Dippels faszinierenden Fotos zeigen vor allem geheimnisvolle Farben und Formen. Denn sie sind unscharf und das mit voller Absicht. Dippels Arbeiten spielen ganz bewusst mit der Spannung zwischen Realismus und Abstraktion. "Ich will eine Illusion schaffen", sagt der Künstler. Aus der Wirklichkeit entstehe so ein Kunstwerk mit einer ganz eigenen Atmosphäre.

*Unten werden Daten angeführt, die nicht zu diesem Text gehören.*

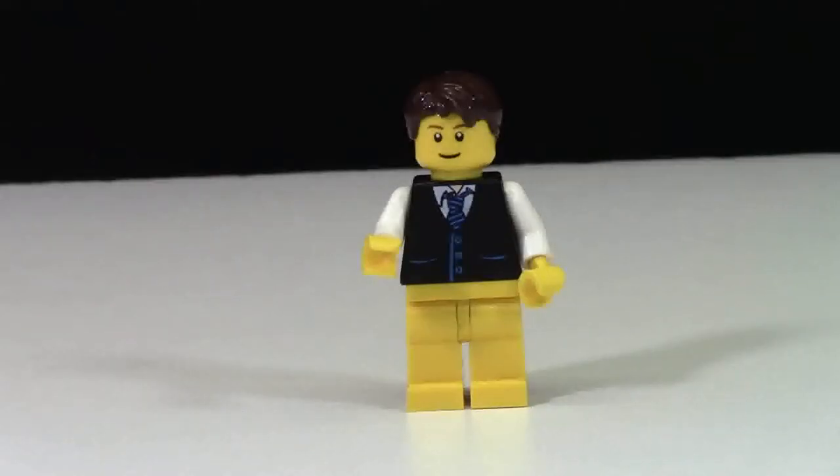Hey everybody, BrickLover18 here today with a little behind the brick of a new video series that is coming to my YouTube channel this summer. This is a brand new series. Nobody that I know of has ever done this before. This is completely original — I didn't get this idea from anybody else — and it is called Brick's Summer Road Trip.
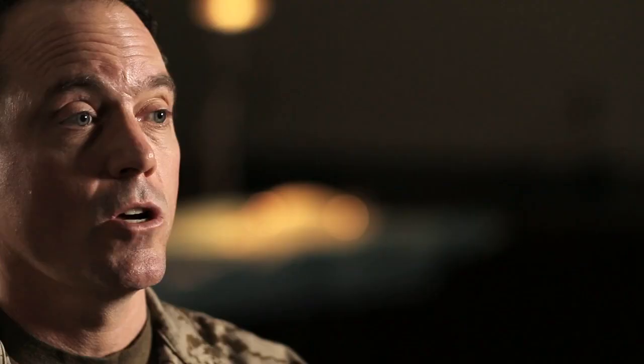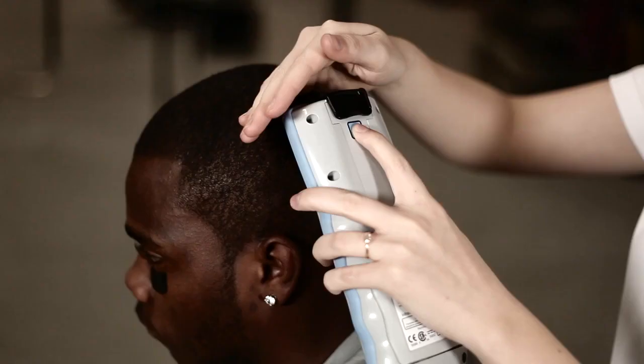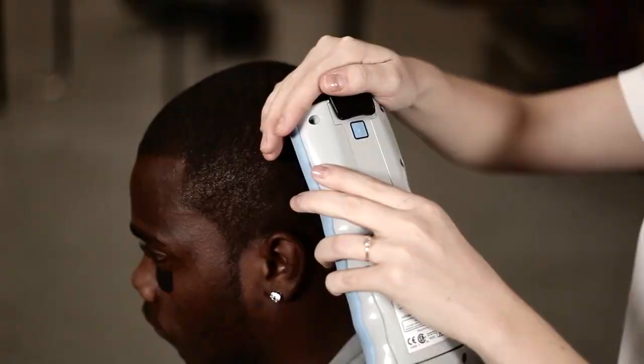When you press the button you immediately release it and you'll hear an audible beep. If you're in a loud environment and unable to hear that audible beep, the screen will actually go blank. When it's done with the read or the scan for that region, it will flash back on.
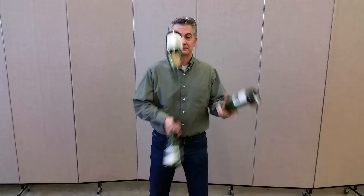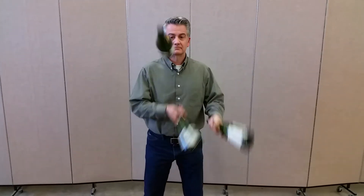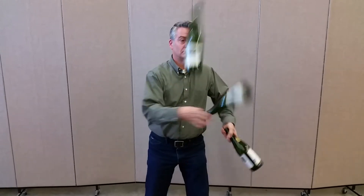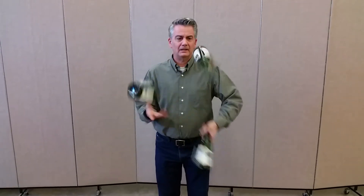Basic pattern. Reverse pattern. Under the leg.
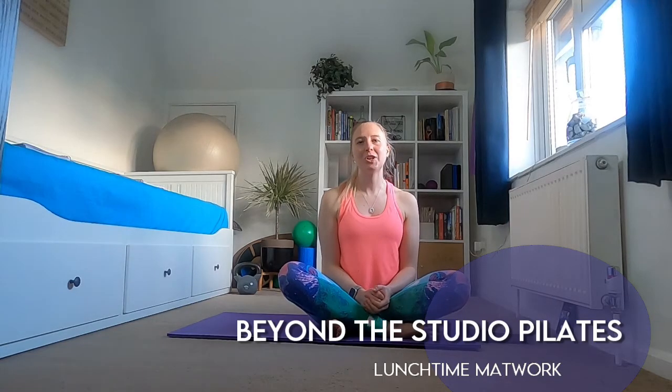Hi everyone, welcome back to Beyond Studio Pilates. My name is Hannah. Today I want to take you through a mat-based routine that I really like to add into the middle of my day. It's a really good strength routine — we're going to look at strengthening and toning up our entire bodies, and there are some super stretches in here as well. I hope you find it beneficial, leave me some comments, let me know how you're getting on.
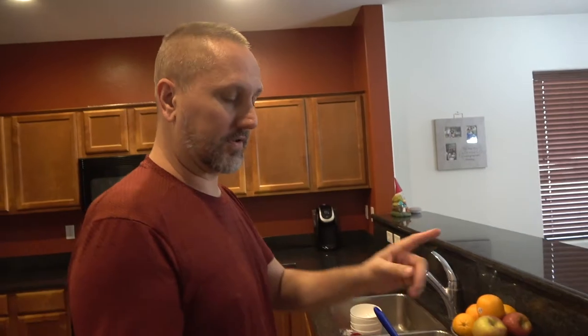Hey everyone, thanks for tuning in for Mr. B Cooks. It's a new episode and today we're going to be doing another slow cooker Chex mix. But this time we're doing a little more traditional. This one kind of reminds me of when I was a kid — my mom would put them on a sheet pan and cook them in the oven. We're going to do it in a slow cooker. So let's just jump right in here.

Dippels Kontakt zum Rhein-Kreis Neuss ist in diesem Frühjahr entstanden als Dr. Michael Dörr im dortigen Rathaus eine seiner Ausstellungen besucht hat. Die behördlichen Beziehungen des Kreises nach Marburg gehen aber weiter zurück. "Bereits 2009 gab es eine sehr konstruktive Zusammenarbeit mit dem Deutschen Grünen Kreuz aus Marburg. Damals konnten wir das Organspendemobil der Organisation für eine Öffentlichkeitskampagne hier bei uns nutzen", berichtet Dezernent Mankowsky, der sich darüber freut, dass nun ein künstlerisches Thema beide Regionen wieder zusammenführt.

Dr. Gerhard Dippel (75) fotografiert schon seit seiner Jugend. 2010 hat er die künstlerische Fotografie für sich entdeckt. Die Schau im Kreishaus Grevenbroich ist Dippels erste in Nordrhein-Westfahlen.